New website invites public to explore the county’s Underground Railroad

Did you know that Tompkins County is home to multiple sites on the underground railroad? A new website called Underground Railroad Hub lays out an astounding array of stories from locations throughout the Finger Lakes, providing information on the history of the Underground Railroad in the area in a way that has never been done before.
“I think the big thing for us is being able to work with community partners, because usually we get rewarded, and rightfully so, for the research and writing, especially in the humanities,” said Gerard Aching, retired professor of Africana and Romance studies at Cornell. Projects like the website, which make the information accessible to the public, are somewhat less common.

Managing Editor
St. James AME Zion Church, for example, is a two-story frame church built on Wheat Street, now known as Cleveland Avenue in Ithaca. The marker in front of the church notes, “it became the religious, political, and cultural heart of the community and, in 1841, the site of a school for black children. It was the home to Pastors Thomas James and Jermain Loguen and host to Harriet Tubman and Frederick Douglass.” The website adds, “the church was the site of many abolitionist meetings and was a station on the Underground Railroad between Elmira and Auburn/Syracuse, according to oral traditions.”

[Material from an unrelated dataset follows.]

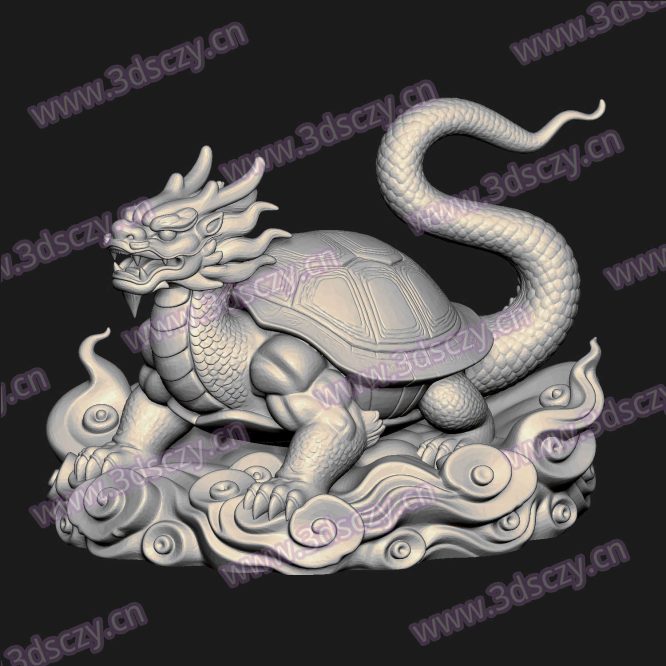 000938祥云龙龟瑞兽招财摆件圆雕图STL文件三维图立体图建模精雕图雕刻机玉雕图木雕图3D打印模型数据-3D素材资源仓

But the website, found at undergroundrailroadhub.net, goes many steps further than a mere cursory description, providing multiple layers to the learning experience.

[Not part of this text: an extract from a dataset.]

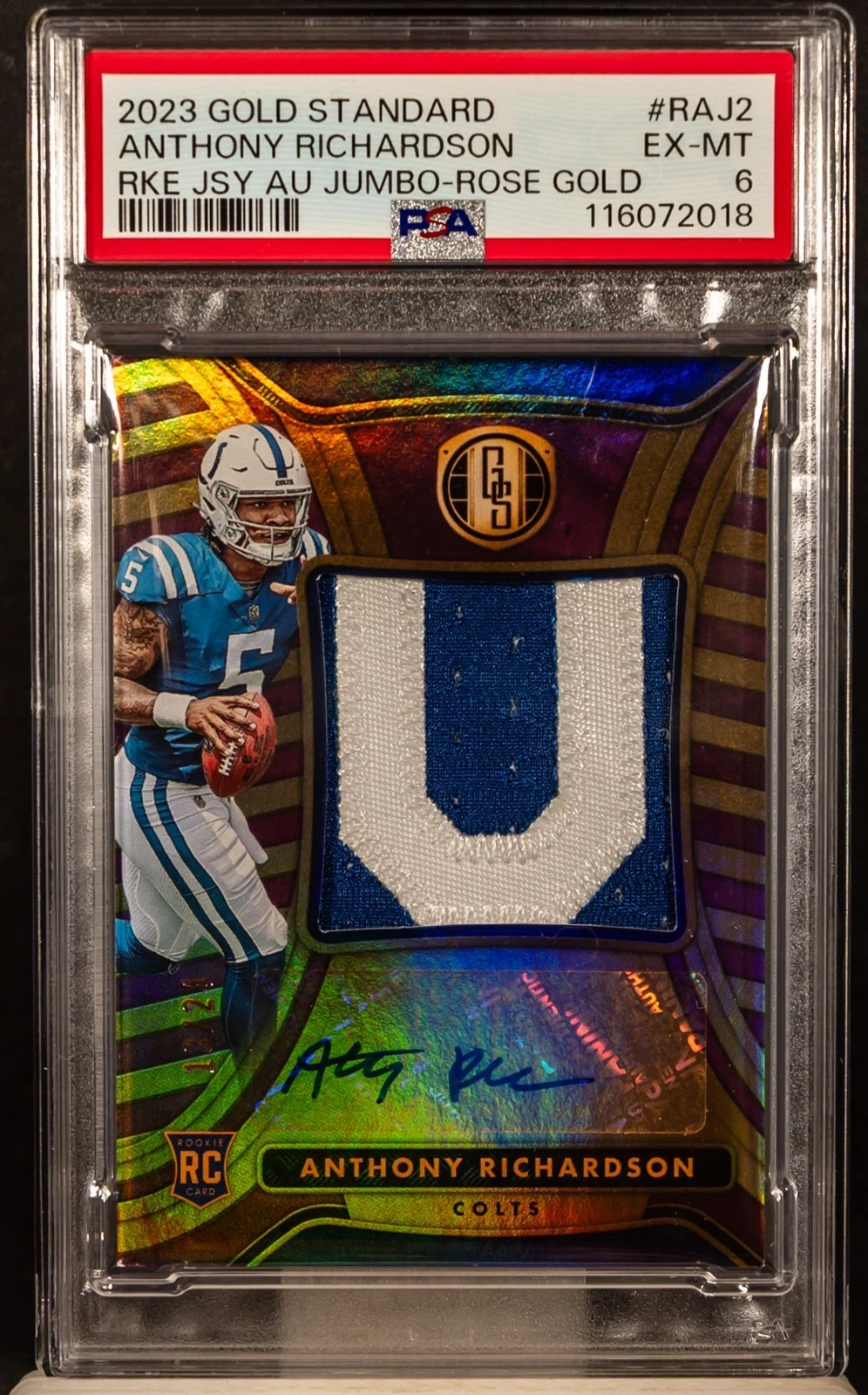 Anthony Richardson Panini Gold Standard Rookie Jersey Autographs Jumbo #RAJ2 Rose Gold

On the web page dedicated to the church, a user can listen to a reading of “The Life of Minnie Barnes,” a 12-minute fictional narrative inspired by the church’s history.
Next to the audio player is a gallery of images related to the church, including old newspaper clippings, historical photos, and aerial views of what the church looks like now.

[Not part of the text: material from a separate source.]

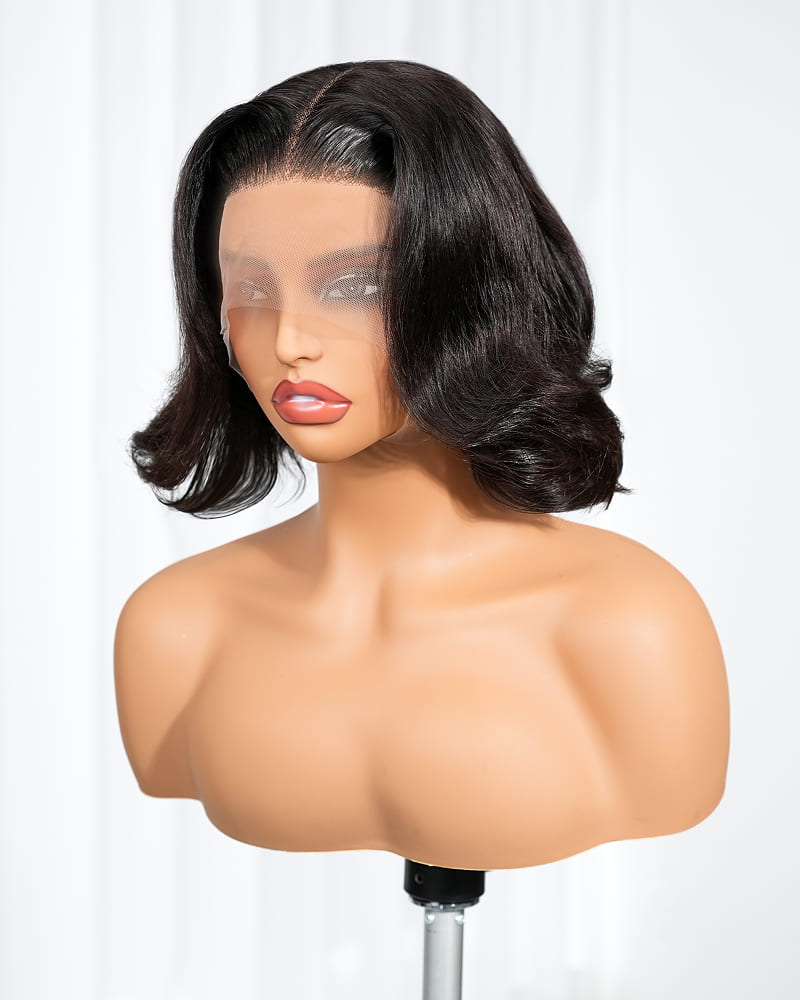 【BOGO】Arabella T-Part Lace Body Wave Bob Wig Natural Black Clip Easy Wear & Go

The site also includes a 3D model and virtual tour of the St. James AME Zion Church station.
There is a similar page dedicated to the Simeon Dewitt Ferry.
“Perhaps the most famous and certainly one of the most resourceful rescuers in Ithaca was George Johnson,” states a quote from “The Underground Railroad in Tompkins County: Searching for the Path to Freedom,” information that was compiled by History Center volunteers in 2005.
In his barber shop on State Street, Johnson gave fugitives haircuts and new clothes in order to change their appearance, according to the website. He reportedly arranged their voyage on the steamer The Simeon DeWitt, which took the refugees to Cayuga Bridge at the northern end of Cayuga Lake.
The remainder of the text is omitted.